11 Responses to “Chinese steamed Buns – Galapao, Salapao”

  • Jade says:

    i usually make it from the back of the box but it never came out as good. thanks for the tips i will try this out soon

  • tabci says:

    thank for the recipes

  • joy says:

    just curious, to make the dough whiter, what about adding white dry yeast? would it even rise?

  • Hmong says:

    I have heard the vinegar is added to the water to help whiten bao and to lso stiffen the steamed buns.

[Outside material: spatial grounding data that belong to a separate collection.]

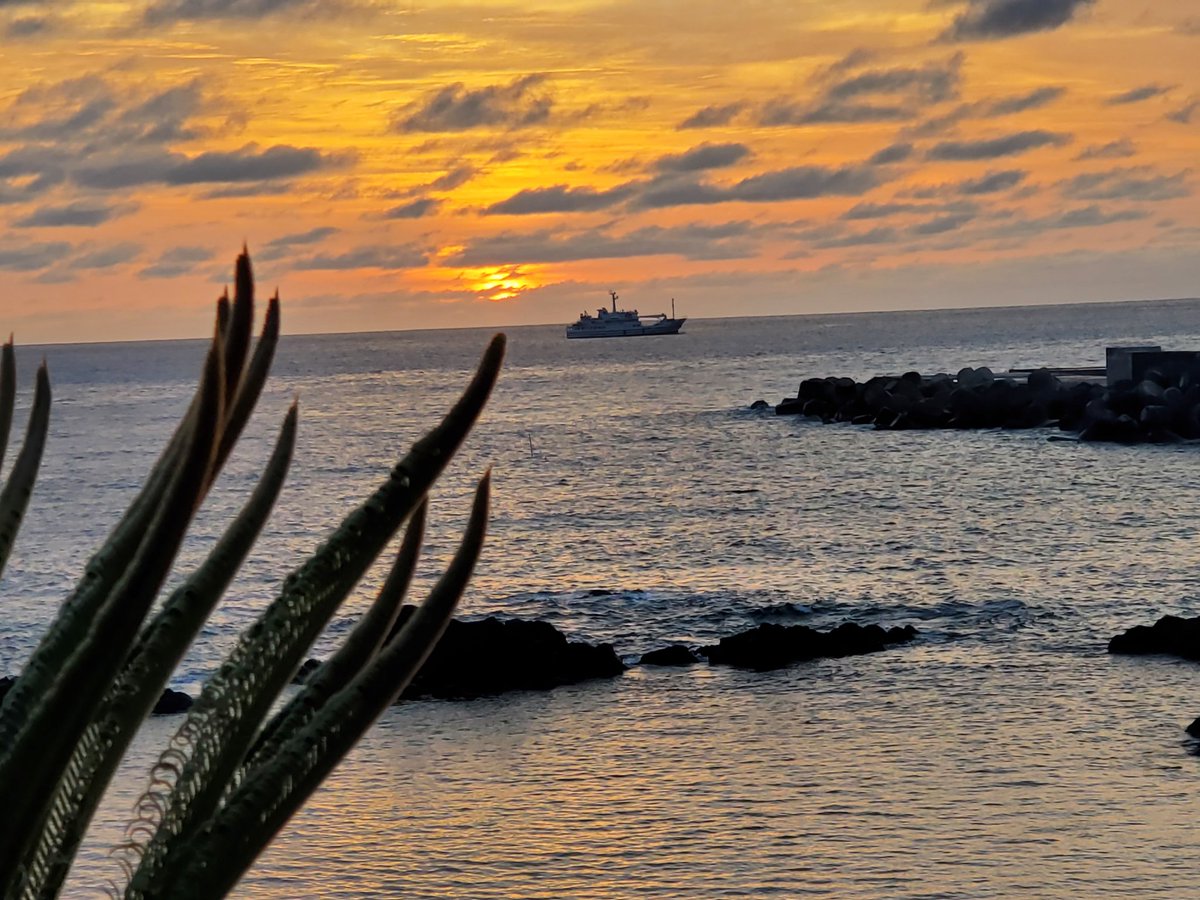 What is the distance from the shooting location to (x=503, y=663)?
63.4ft

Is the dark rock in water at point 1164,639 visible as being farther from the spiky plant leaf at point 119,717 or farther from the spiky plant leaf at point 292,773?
the spiky plant leaf at point 119,717

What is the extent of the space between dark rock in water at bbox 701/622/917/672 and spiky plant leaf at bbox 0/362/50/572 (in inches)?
702

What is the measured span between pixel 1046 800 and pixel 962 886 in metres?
2.49

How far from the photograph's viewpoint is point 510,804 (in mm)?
14125

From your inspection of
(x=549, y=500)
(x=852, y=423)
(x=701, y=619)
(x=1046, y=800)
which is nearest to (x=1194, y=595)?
(x=701, y=619)

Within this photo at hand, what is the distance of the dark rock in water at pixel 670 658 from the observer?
20609mm

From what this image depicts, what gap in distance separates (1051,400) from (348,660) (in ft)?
201

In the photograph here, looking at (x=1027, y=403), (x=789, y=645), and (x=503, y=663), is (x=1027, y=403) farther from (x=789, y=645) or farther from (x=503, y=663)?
(x=503, y=663)

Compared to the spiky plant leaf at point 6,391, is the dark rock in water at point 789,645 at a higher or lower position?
lower

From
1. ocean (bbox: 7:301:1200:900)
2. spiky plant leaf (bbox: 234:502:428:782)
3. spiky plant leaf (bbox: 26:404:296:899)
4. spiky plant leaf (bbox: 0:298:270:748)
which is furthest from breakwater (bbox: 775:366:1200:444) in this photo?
spiky plant leaf (bbox: 26:404:296:899)

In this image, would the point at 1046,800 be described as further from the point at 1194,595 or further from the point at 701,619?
the point at 1194,595

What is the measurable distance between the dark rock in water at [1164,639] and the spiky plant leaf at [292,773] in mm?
18909

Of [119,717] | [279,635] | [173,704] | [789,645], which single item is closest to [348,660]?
[279,635]

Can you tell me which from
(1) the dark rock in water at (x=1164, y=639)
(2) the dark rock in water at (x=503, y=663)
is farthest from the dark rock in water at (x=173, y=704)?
(1) the dark rock in water at (x=1164, y=639) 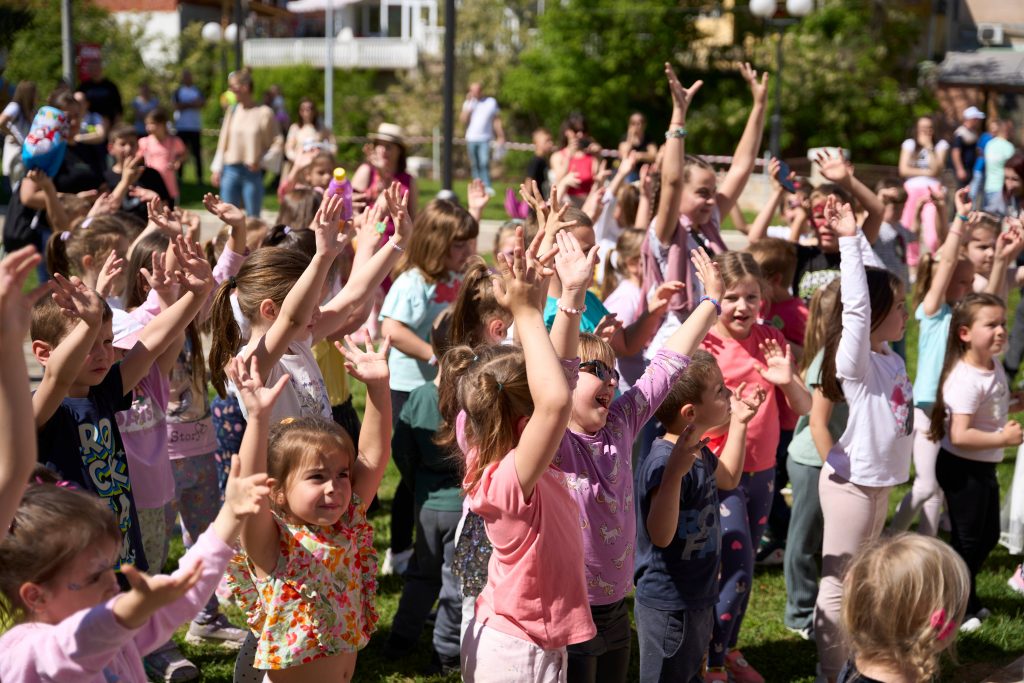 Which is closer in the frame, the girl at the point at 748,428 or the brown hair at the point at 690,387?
the brown hair at the point at 690,387

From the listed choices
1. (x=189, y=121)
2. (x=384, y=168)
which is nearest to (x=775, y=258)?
(x=384, y=168)

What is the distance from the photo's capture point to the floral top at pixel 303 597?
11.2 feet

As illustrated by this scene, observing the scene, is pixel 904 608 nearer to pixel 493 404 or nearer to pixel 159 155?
pixel 493 404

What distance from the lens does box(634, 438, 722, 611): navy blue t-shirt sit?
13.3 feet

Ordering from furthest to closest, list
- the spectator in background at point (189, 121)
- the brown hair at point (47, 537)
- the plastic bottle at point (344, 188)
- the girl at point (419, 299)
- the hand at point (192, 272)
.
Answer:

The only certain thing i know is that as long as you use white flour your steamed bun will come out white and fluffy.

  • Hmong says:

    dry yeast will make it rise and that’s it

  • syang says:

    Questions: Perhaps I am too new at this, but when you wrote down 1.5 dry yeast, did you mean 1 1/2 tsp or simply 1/2 tsp? And the second question is, on direction 3, you stated to add baking powder, but never gave the amount; therefore, how many tsp or tbspn should be mixed into the dry ingredients? Thank you for your help and for writing these wonderful Hmong recipes!

  • Hmong says:

    Hello Syang.
    Yes, I meant 1 and 1/2 tsp of dry yeast. 3 tsp of baking powder.

  • Pink Panther says:

    Hi there

    Adding vinegar in water for steaming Steam Buns is foolproof
    to making buns white. The only way is to use HongKong white flour which is found in Chinese groceries.

  • Hmong says:

    hello Pink Panther, would you like to tell us more about Hong Kong white flour?

  • A1MM3 says:

    for the chinese sausage, if u can’t get any of those, is there anything else u can substitute for the sausage?

  • Hmong says:

    Chinese sausage (lapchang) has a unique sweet salty taste that would give a dish much flavor. if you do not have a local asian store, perhaps try sweet ham or a sweet sausage but I really haven’t tried any substitutions myself.